▶ **Data extract**
Content starts

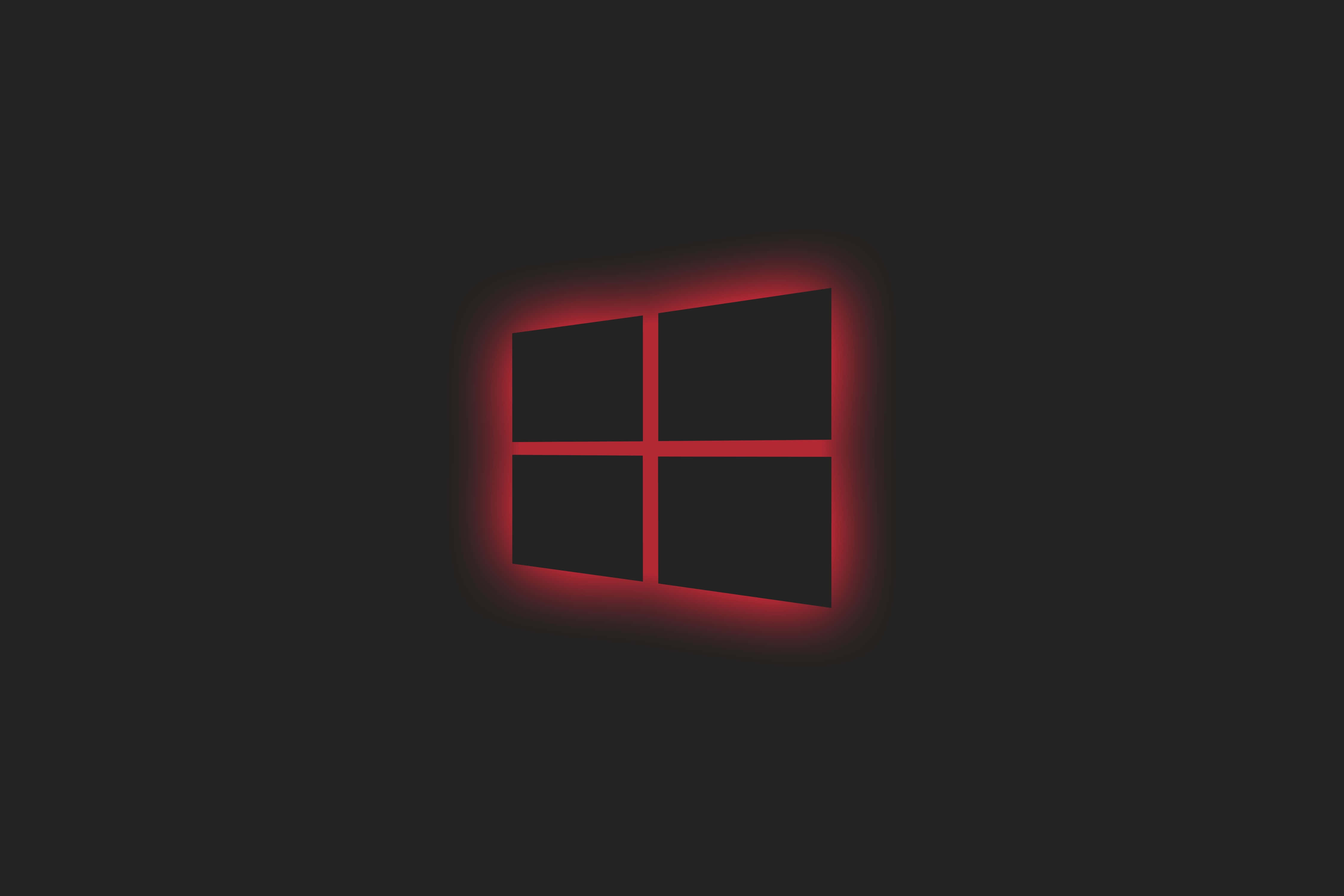 Black Windows 桌布 壁紙 — 一個發光的紅色Windows標誌，居中於深色背景上，帶有柔和的光暈。
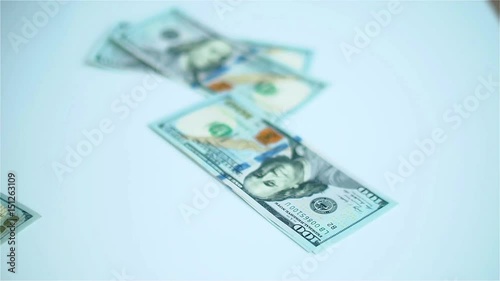 US dollars banknotes falling on white surface. Wages, arnings, winnings.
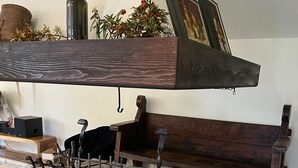 A fireplace with a brick surround, a wooden bench, and a hanging shelf above. - Villa Gioia on the Euganean Hills (Torreglia)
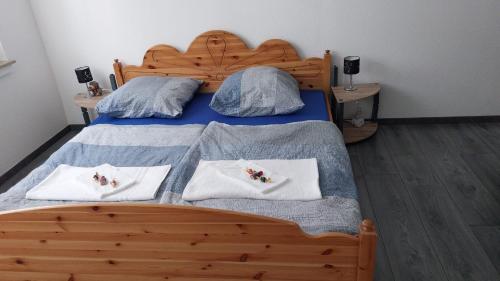 a bedroom with a wooden bed with two pillows at Sauna-Schmied in Weißenfels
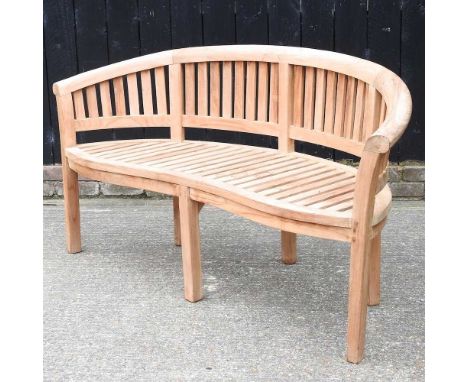 A teak garden bench, with a curved back159w x 55d x 84h cm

Content ends

▶ **Task brief**
From the material above, give again exactly the lines from the one that contains "US dollars banknotes" through the one that contains "a bedroom with", and leave out the pictures.

▶ **Response to the exercise**
 US dollars banknotes falling on white surface. Wages, arnings, winnings.
 A fireplace with a brick surround, a wooden bench, and a hanging shelf above. - Villa Gioia on the Euganean Hills (Torreglia)
 a bedroom with a wooden bed with two pillows at Sauna-Schmied in Weißenfels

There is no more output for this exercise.